‘Babylon Berlin’ creates a complex portrait of Berlin in the 1920s
Berlin in the late 1920s was a dynamic, fast-paced city with a remarkably seedy underbelly. As the capital of the Weimar Republic (the German state as it existed between the end of World War I and Hitler's rise), its diverse population channeled the trauma from World War I into a particularly intense brand of hedonism and criminality. “Babylon Berlin,” the hit German series available to American audiences through Netflix, explores the interplay between the city’s various factions in a frank, unrestrained and thrilling manner.

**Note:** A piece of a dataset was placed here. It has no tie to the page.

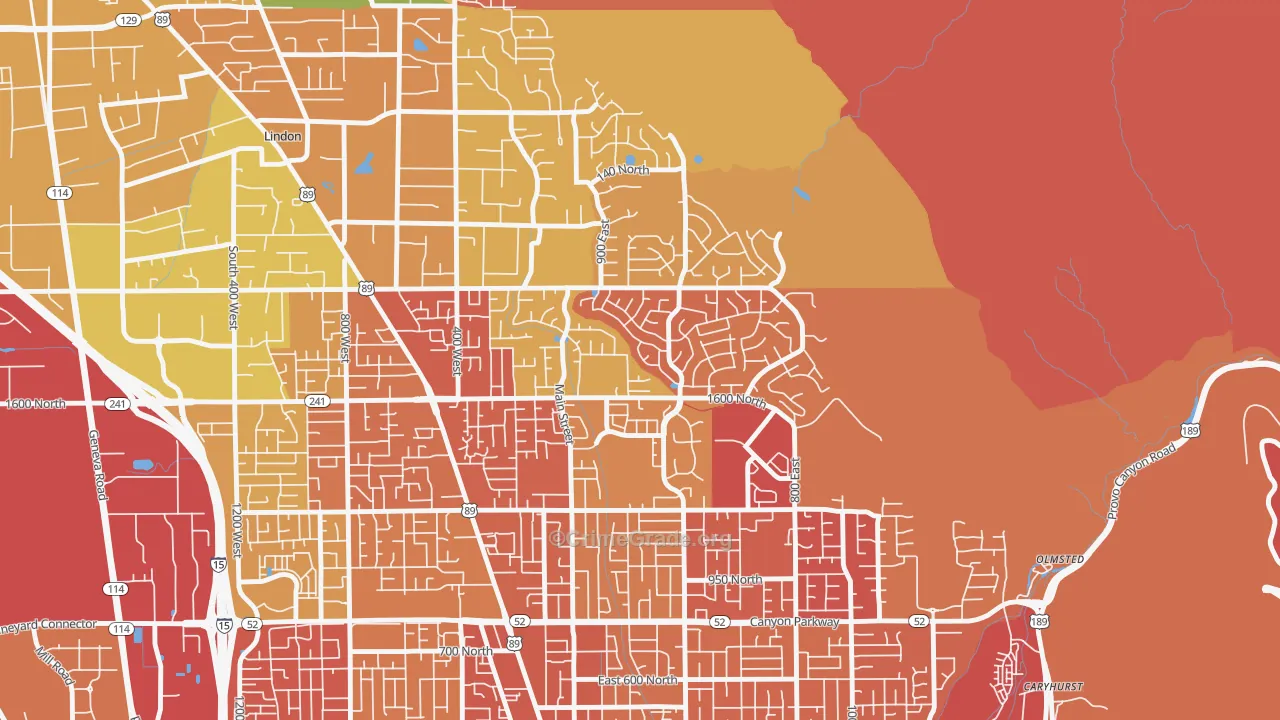 Northridge, Orem, UT Map of Murder Rates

Released originally in Oct. 2017, “Babylon Berlin” took Germany by storm, drawing numbers of viewers only surpassed by “Game of Thrones” and supposedly costing more than any German TV series ever made. The show follows Gereon Rath (Volker Bruch, “Generation War”), a police inspector from Cologne. Traumatized by his experiences in the war, he is assigned to investigate a complicated web of threats and blackmail involving a pornographic film. Charlotte Ritter (Liv Lisa Fries, “Und morgen Mittag bin ich tot”), a poor police typist who also spends her nights working at a gritty club, crosses paths with Rath and eventually becomes his assistant as he works through the capital.
While the plot mainly focuses on Rath and Ritter, it encompasses a sprawling variety of topics ranging from a Soviet smuggling operation to conflicts within the Berlin mafia. However, what seems to rise above all of the plotlines is the city of Berlin itself. Each individual story dives into a different aspect of the city’s collective psyche in the postwar era, depicting the different ways in which people tried to escape the trauma from the war. Rath indulges in drugs, while many retreat into extremely hedonistic establishments such as Moka Efti, the nightclub where Ritter works. The sets and costumes that depict scenes of life in 1920s Berlin are painstakingly detailed and imbue a sense of vibrancy, going beyond simply being pleasant to look at. The environment in the city is reminiscent of 1970s New York, as shown in the HBO series “The Deuce,” with increased social freedom but a layer of moral and physical degradation.
Despite the dizzying array of plotlines and characters, the show moves along at a quick pace, but still leaves enough room to take it all in and feel the energy and chaos of Weimar Berlin. Rath and Ritter, the two main subjects of the show, naturally stand out from the pack. Bruch is capable of conveying a wide range of emotion and internal turmoil with little dialogue, and Fries convincingly portrays Ritter as a young woman taking advantage of her society’s increased social freedoms to unshackle herself from the wretched life in the tenements that she is used to.
The main concern to be expected with a show such as “Babylon Berlin” is whether it will drown under its own ambition. It immediately dives into several seemingly disconnected plotlines. While they do thoroughly explore different facets of Weimar Berlin, the question remains as to whether the show can tie them together cohesively and not create the sense that it could have benefited from a tighter narrative structure.
Overall, the pilot paints an intriguing and stylish portrait of a city and period of time that is rarely explored in popular culture, and it is worth exploring further to see how the seeds were planted for a more infamous period to come.